**Your objective:** Transcribe only the stretch of lines that opens with the line containing "Elizabeth Kidd's Instagram, Twitter" and closes with the last line of the listing, skipping pictures.

**The data:**
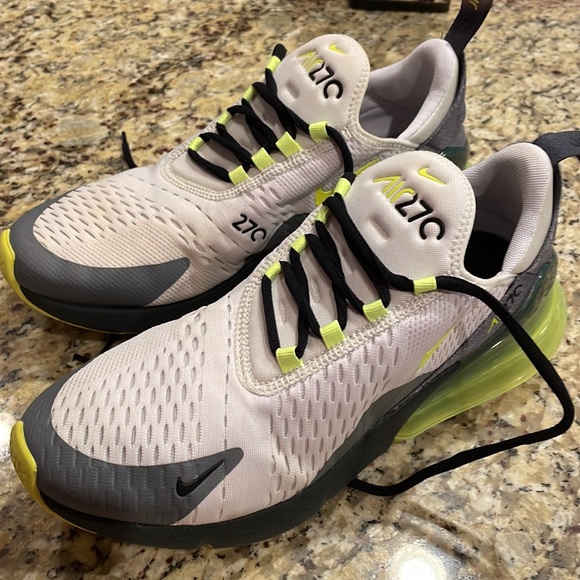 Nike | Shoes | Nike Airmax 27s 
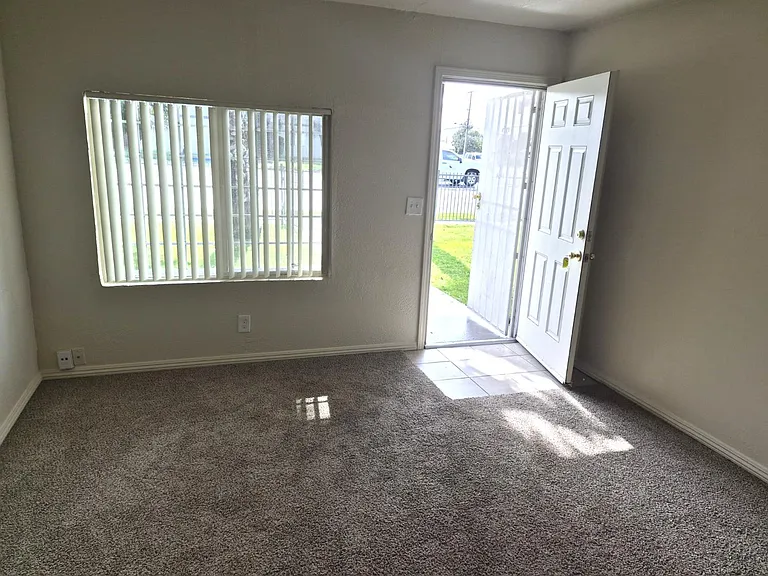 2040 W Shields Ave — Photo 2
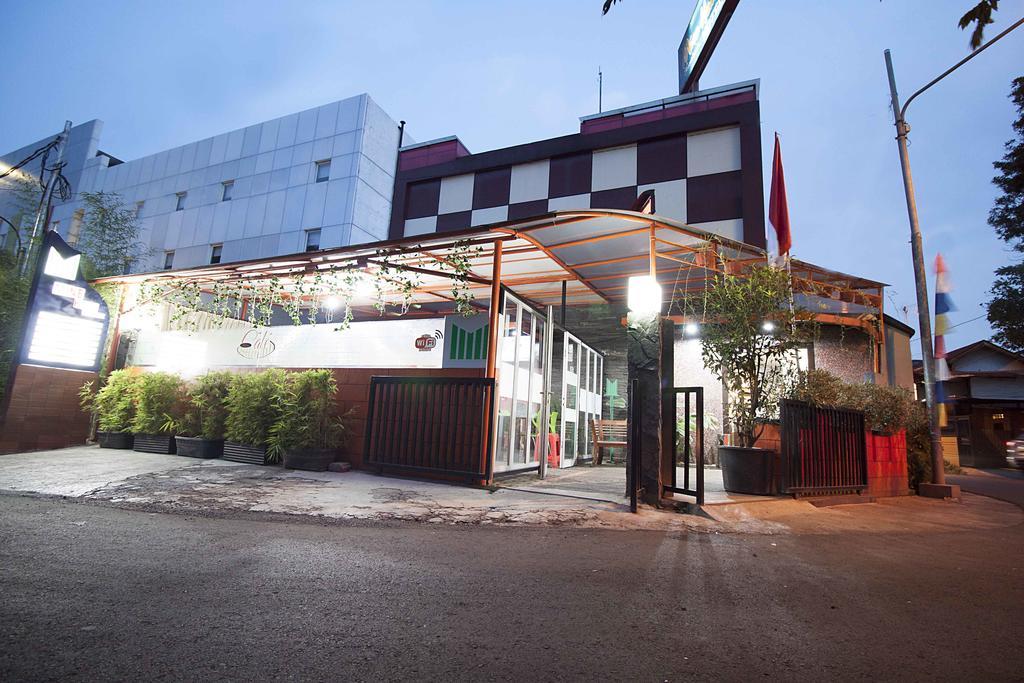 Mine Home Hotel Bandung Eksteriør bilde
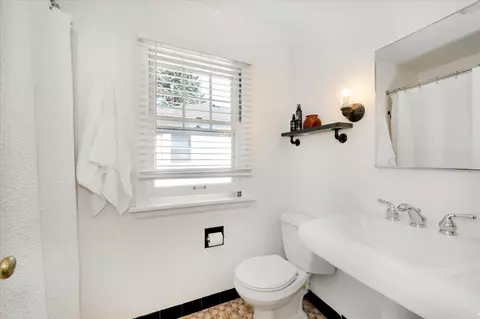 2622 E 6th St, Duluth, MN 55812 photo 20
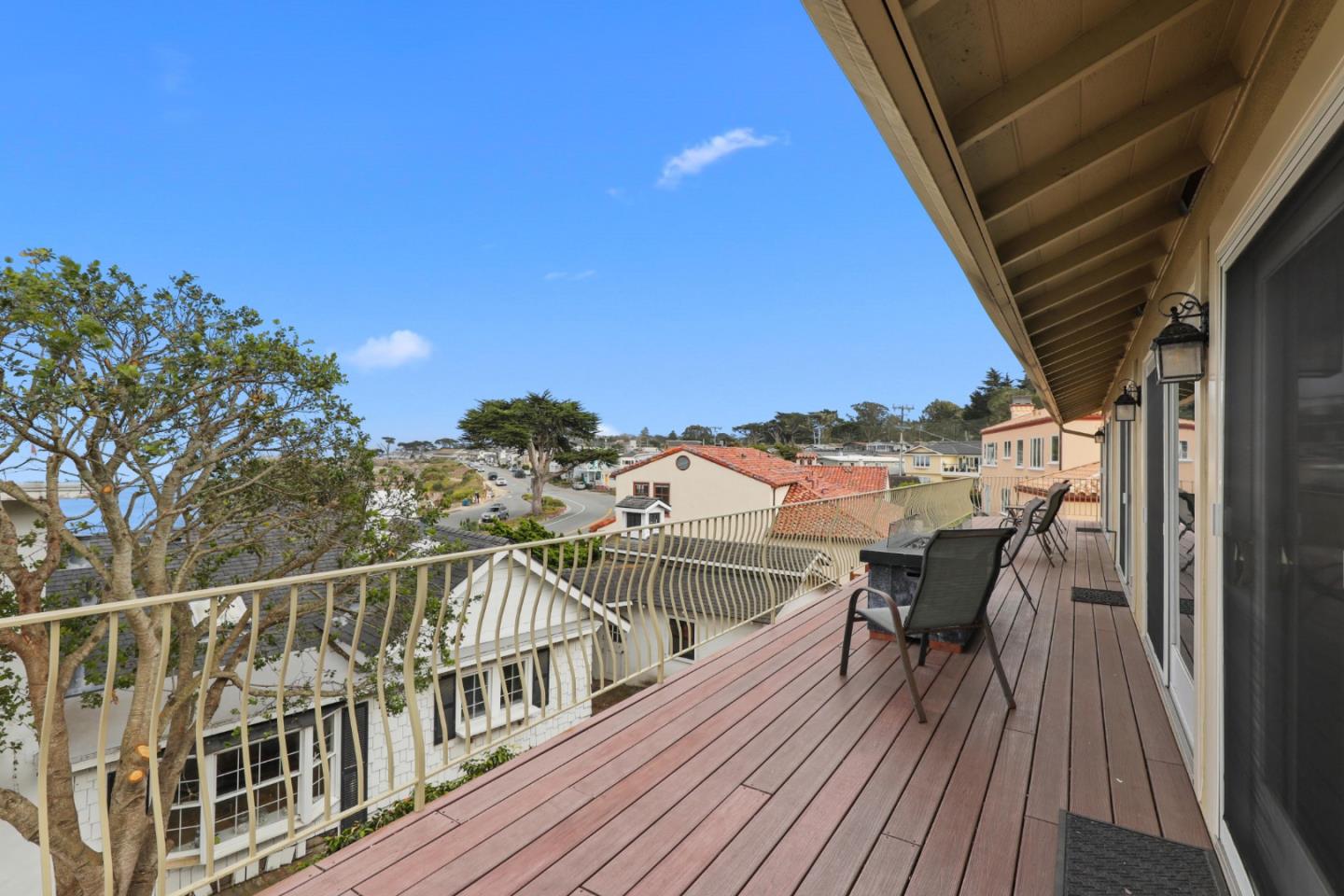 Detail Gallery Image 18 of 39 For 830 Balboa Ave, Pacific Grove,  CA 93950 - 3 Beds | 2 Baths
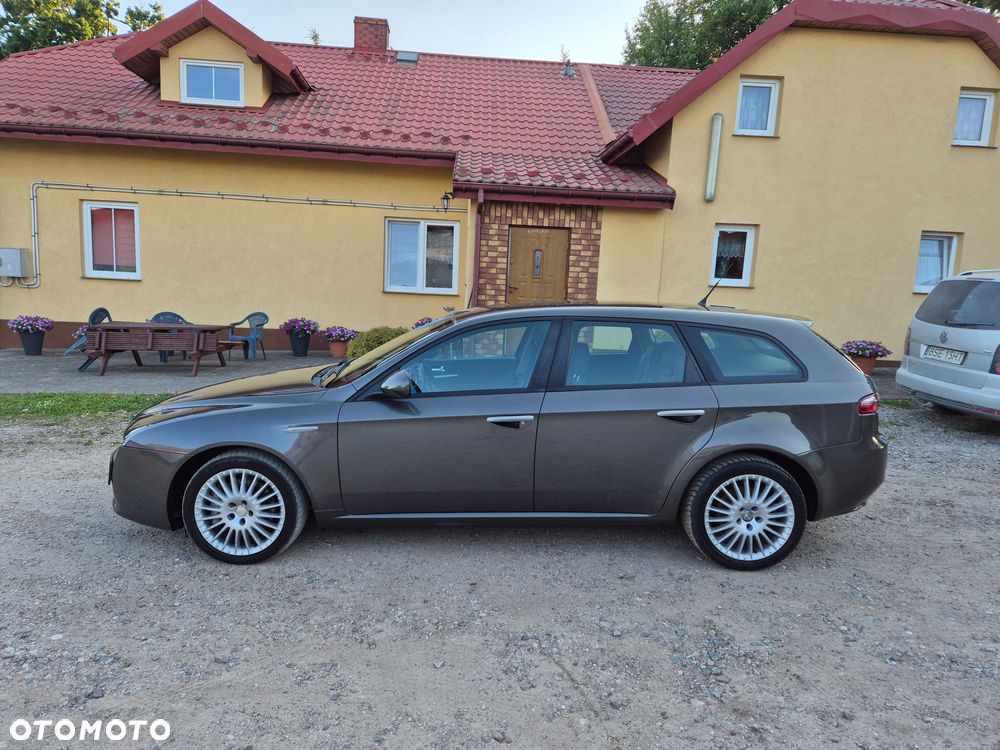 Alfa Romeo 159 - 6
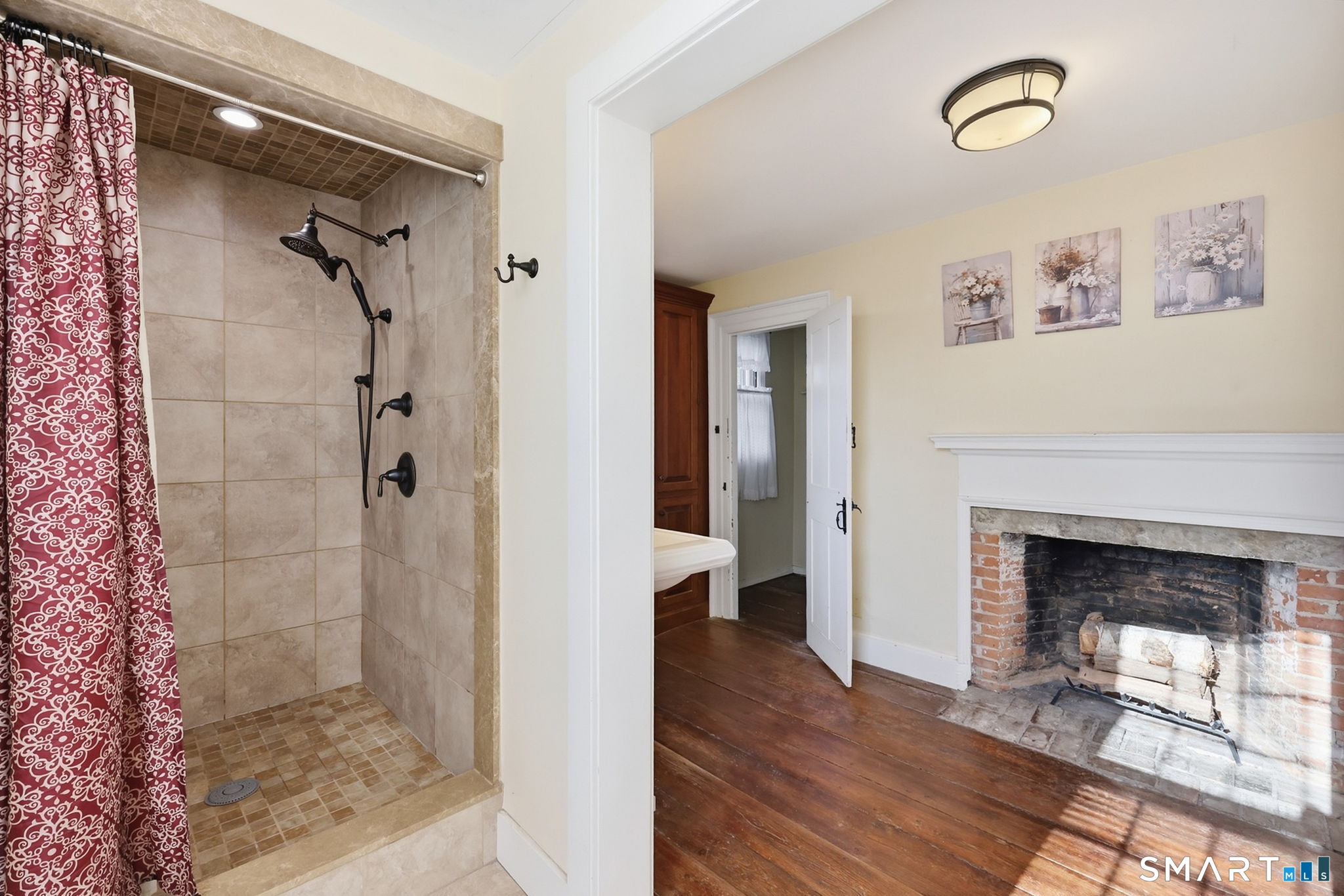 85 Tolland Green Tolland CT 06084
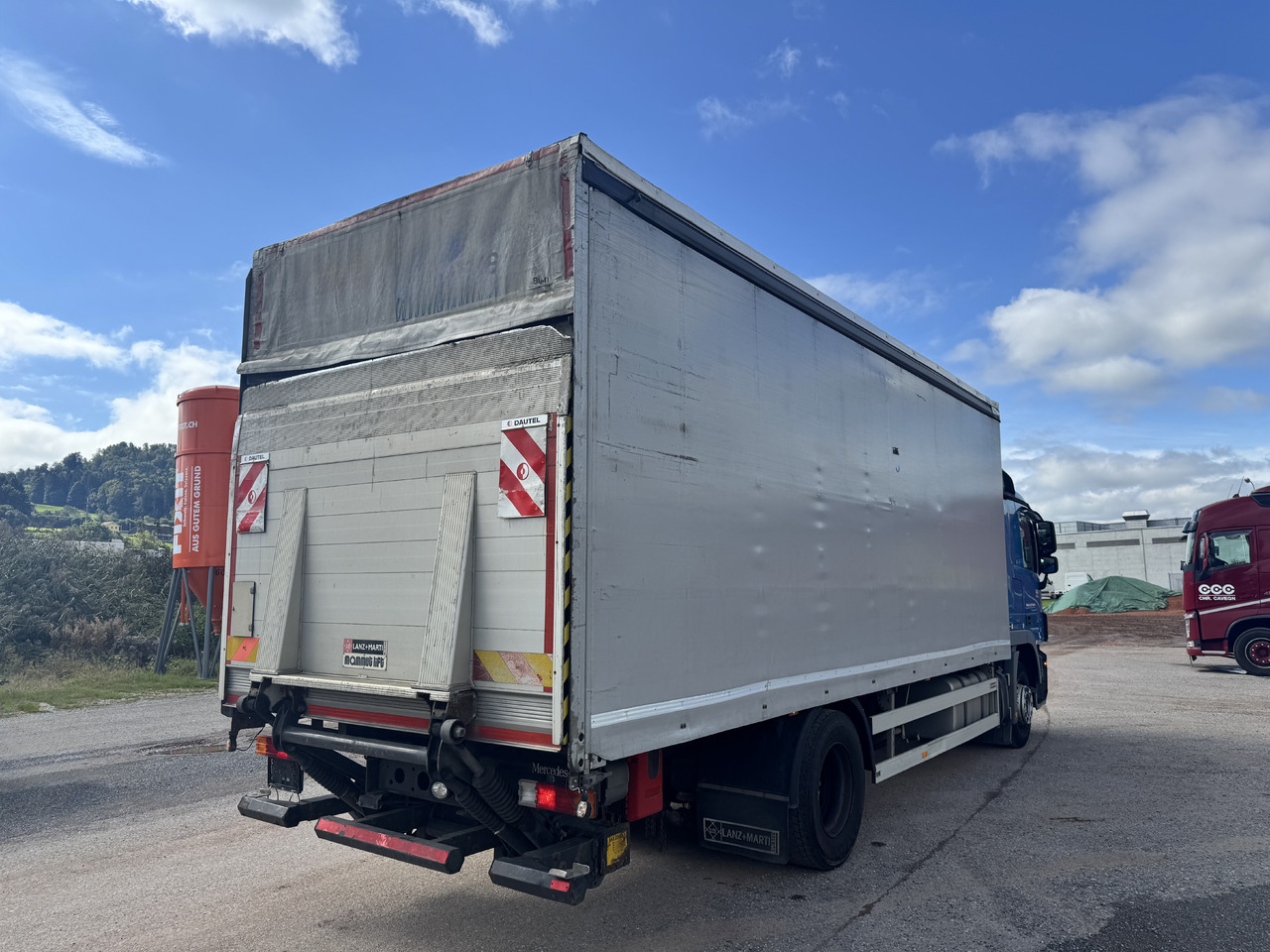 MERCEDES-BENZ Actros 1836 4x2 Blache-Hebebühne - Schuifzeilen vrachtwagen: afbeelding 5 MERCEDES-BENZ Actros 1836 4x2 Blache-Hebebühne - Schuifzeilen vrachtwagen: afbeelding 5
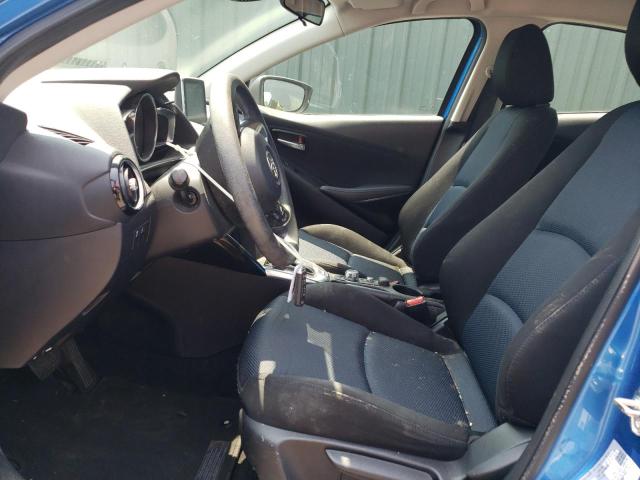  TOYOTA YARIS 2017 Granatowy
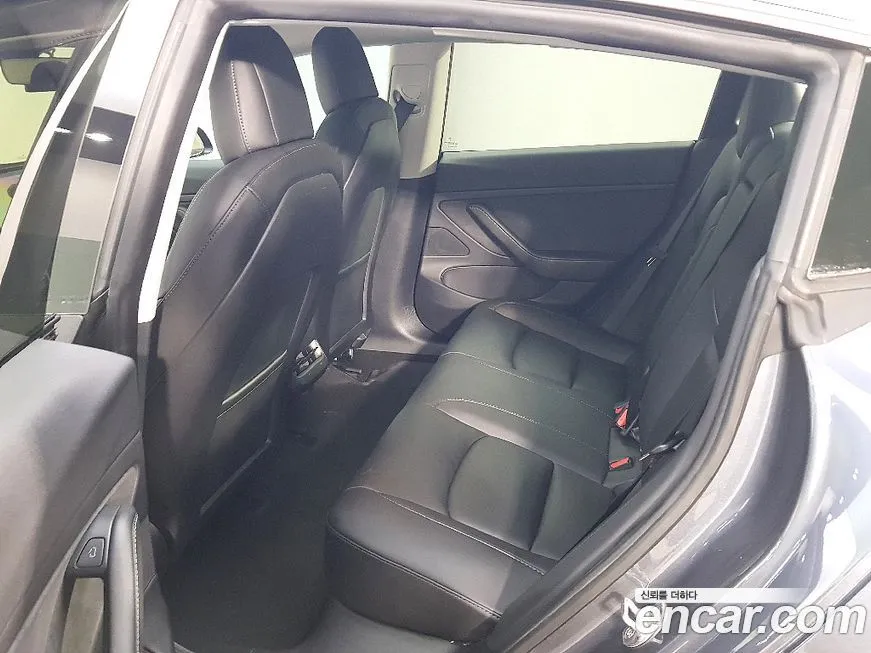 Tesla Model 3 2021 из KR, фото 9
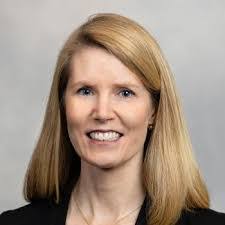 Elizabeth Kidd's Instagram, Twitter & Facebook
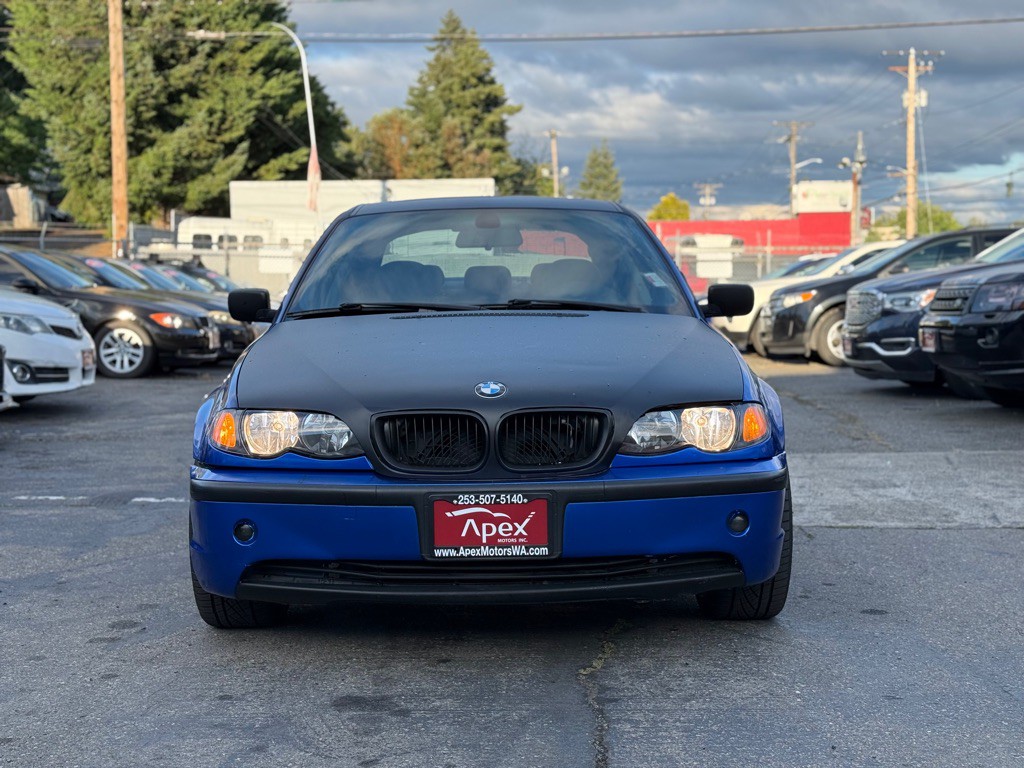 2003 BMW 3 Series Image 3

**Written response:**
 Elizabeth Kidd's Instagram, Twitter & Facebook
 2003 BMW 3 Series Image 3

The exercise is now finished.